Repeat every line of the data exactly; no picture belongs in the copy.

**Information provided**
________________________________________

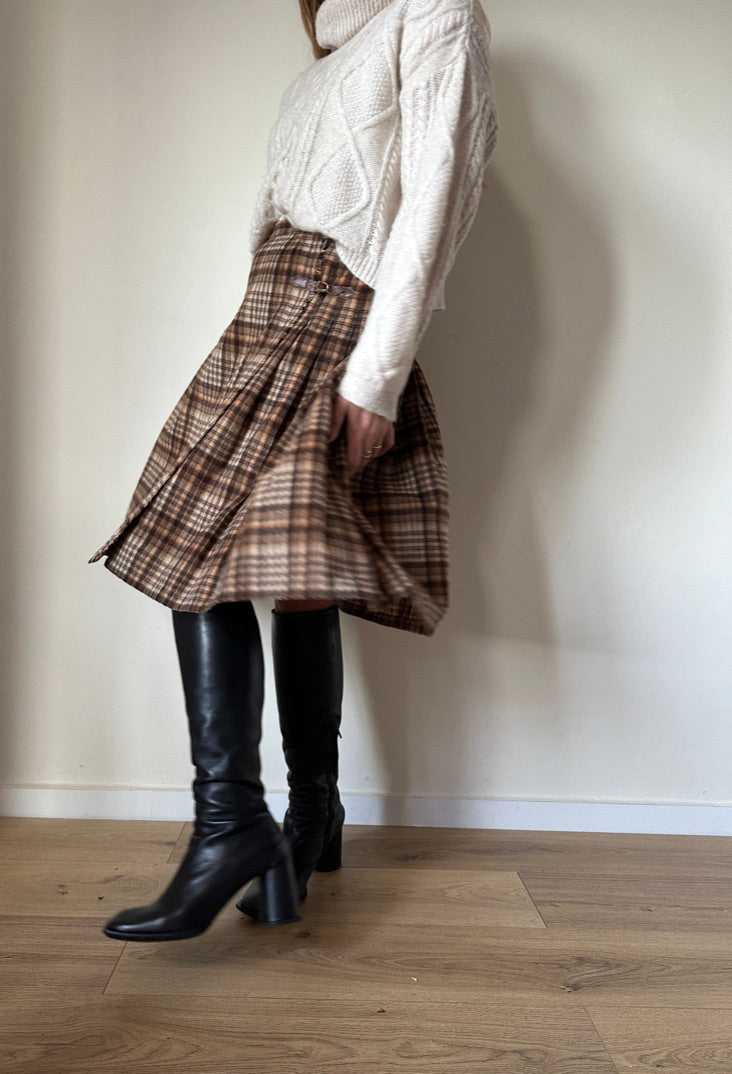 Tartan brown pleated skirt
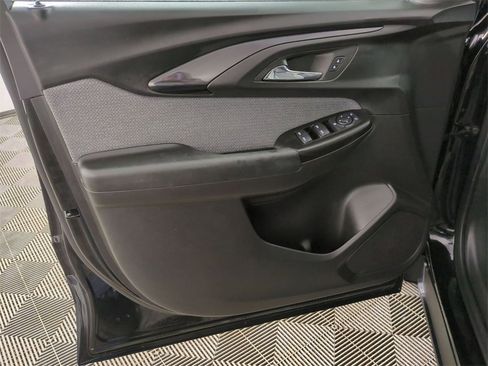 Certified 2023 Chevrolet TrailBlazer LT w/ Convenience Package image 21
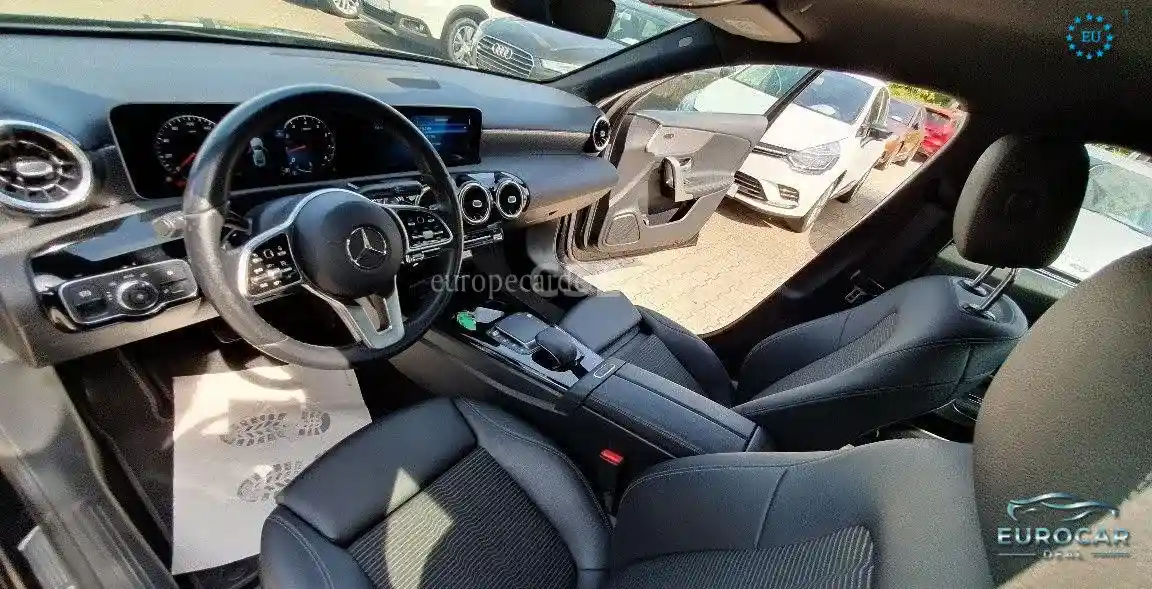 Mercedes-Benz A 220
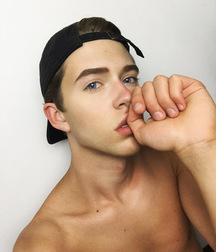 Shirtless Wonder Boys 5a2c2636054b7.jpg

________________________________________

**Solution to this problem**
 Tartan brown pleated skirt
 Certified 2023 Chevrolet TrailBlazer LT w/ Convenience Package image 21
 Mercedes-Benz A 220
 Shirtless Wonder Boys 5a2c2636054b7.jpg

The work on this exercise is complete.